Here, $$\max((f(n), g(n))$$ is a function that for any n, returns the maximum of $$f(n)$$ and $$g(n))$$:

The property follows from the fact that for any $$n, f(n) + g(n) \leq 2 \cdot f(n)$$ or $$f(n) + g(n) \leq 2 \cdot g(n)$$. Therefore, $$f(n) + g(n) \leq 2 \cdot \max(f(n), g(n))$$.

Property 3

$$\max(f(n), g(n)) \in O(f(n) + g(n))$$.

This property follows from the fact that for any $$n, \max(f(n), g(n)) \leq f(n)$$ or $$\max(f(n), g(n)) \leq g(n)$$. Therefore, $$\max(f(n), g(n)) \leq f(n) + g(n)$$.

Corollary

$$O(f(n) + g(n)) = O(\max(f(n), g(n))$$.

Property 4

If $$f(n) \in O(g(n))$$, then $$f(n) + g(n) \in O(g(n))$$.

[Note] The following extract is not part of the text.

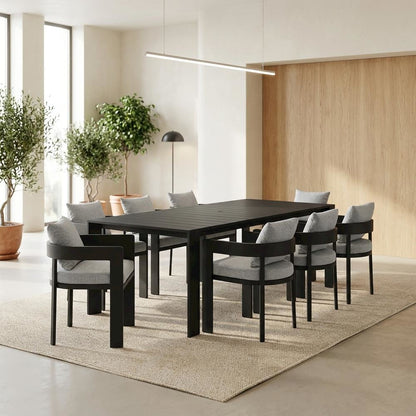 Aluminum Outdoor Patio Dining Set with Table and Chairs for Deck, Gray Gray
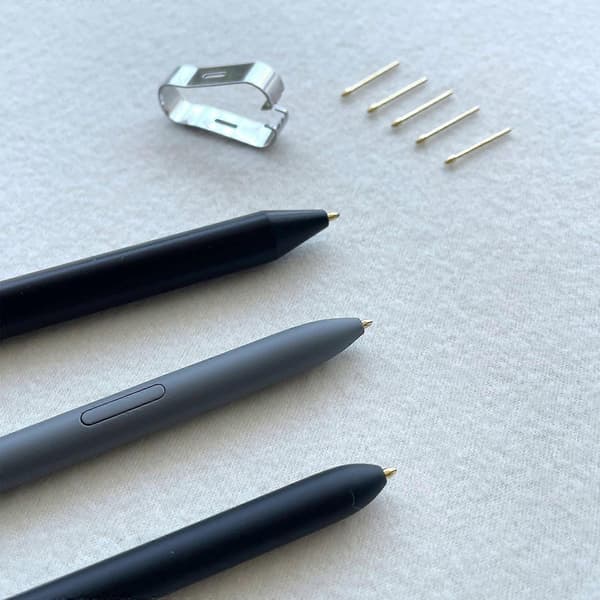 3 st metallpennpåfyllningar och klämma för anmärkningsvärda Scribe Write-pennor, smidig skrivning och enkelt byte Silvery Taper Head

Follows from the fact that there exist $$c, n_0$$, such that for any $$n \geq n_0, f(n) \leq c \cdot g(n)$$; Therefore, for any $$n \geq n_0, f(n) + g(n) \leq (c + 1) \cdot g(n)$$. Intuitively, a faster-growing function eventually dominates.

## 3.3.3. Little o-notation¶

Definition

The positive-valued function $$f(x) \in o(g(x))$$ if and only if for all constants $$\varepsilon > 0$$ there exists a value $$x_0$$ such that for all $$x \geq x_0, f(x) \leq \varepsilon \cdot g(x)$$.

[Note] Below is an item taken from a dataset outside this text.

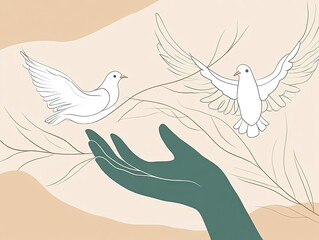 Fototapeta premium Gentle hand releases two white doves into the sky.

This definition provides a tighter boundary on $$f(x)$$: it states that $$g(x)$$ grows much faster (i.e., more than a constant factor times faster) than $$f(x)$$.

Example

We can show that $$x^2 \in o(x^3)$$, as for any $$\varepsilon > 0$$ we can take $$x_0(\varepsilon) = \frac{1}{\varepsilon} + 1$$, so for all $$x \geq x_0(\varepsilon), \varepsilon \cdot x^3 \geq \varepsilon \cdot (\frac{1}{\varepsilon} + 1) \cdot x^2 > x^2$$.

## 3.3.4. Proofs using O-notation¶

Standard exercise: show that $$f(x) \in O(g(x))$$ (or not) is approached as follows:

• Unfold the definition of O-notation;
• Assuming that the statement is true, try to find a fixed pair of values $$c$$ and $$x_0$$ from the definition to prove that the inequality holds for any $$x$$;
• If such fixed pair cannot be found, as it depends on the value of $$x$$, then the universal quantification over $$x$$ in the definition doesn’t hold, hence $$f(x) \notin O(g(x))$$.

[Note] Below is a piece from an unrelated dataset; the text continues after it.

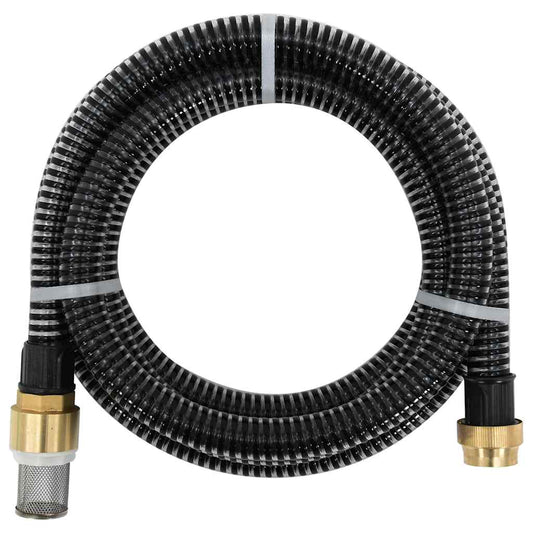 Suction Hose with Brass Connectors Black 1.1" 15 m PVC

Example 1: Is $$n^2 \in O(n^3)$$?

Assume this holds for some $$c$$ and $$n_0$$, then:

\begin{split}\begin{align*} & n^2 - c \cdot n^3 \leq 0,~\text{for all}~n \geq n_0 \\ \implies & n^2 (1 - c \cdot n) \leq 0,~\text{for all}~n \geq n_0 \\ \implies & 1 \leq c \cdot n,~\text{for all}~n \geq n_0 \\ \implies & n \geq \frac{1}{c},~\text{for all}~n \geq n_0 \\ \end{align*}\end{split}

As this clearly holds for $$n_0 = 2$$ and $$c = 1$$, we may conclude that $$n^2 \in O(n^3)$$.

$$\square$$

Example 2: Is $$n^3 \in O(n^2)$$?

Assume this holds for some $$c$$ and $$n_0$$, then:

\begin{split}\begin{align*} & n^3 - c \cdot n^2 \leq 0,~\text{for all}~n \geq n_0 \\ \implies & n^2 \cdot (n - c) \leq 0,~\text{for all}~n \geq n_0 \\ \implies & n - c \leq 0,~\text{for all}~n \geq n_0 \\ \end{align*}\end{split}

Now, since $$c$$ and $$n_0$$ are arbitrary, but fixed, we can consider $$n = c + 1 + n_0$$ (and so we can do for any $$c$$ and $$n_0$$), so we see that the inequality doesn’t hold, hence in this case no fixed $$c$$ and $$n_0$$ can be found to satisfy it for any $$n$$. Therefore $$n^3 \notin O(n^2)$$.

$$\square$$

## 3.3.6. Complexity of sequential composition¶

Consider the following OCaml program, where a is a value of size n:

let x = f1(a)

in  x + f2(a)


Assuming the complexity of f1 is $$f(n)$$ and the complexity of f2 is $$g(n)$$, executing both of them sequentially leads to summing up their complexity, which is over-approximated by $$O(\max(f(n), g(n))$$. This process of “collapsing” big O’s can be repeated for a finite number of steps, when it does not depend on the input size.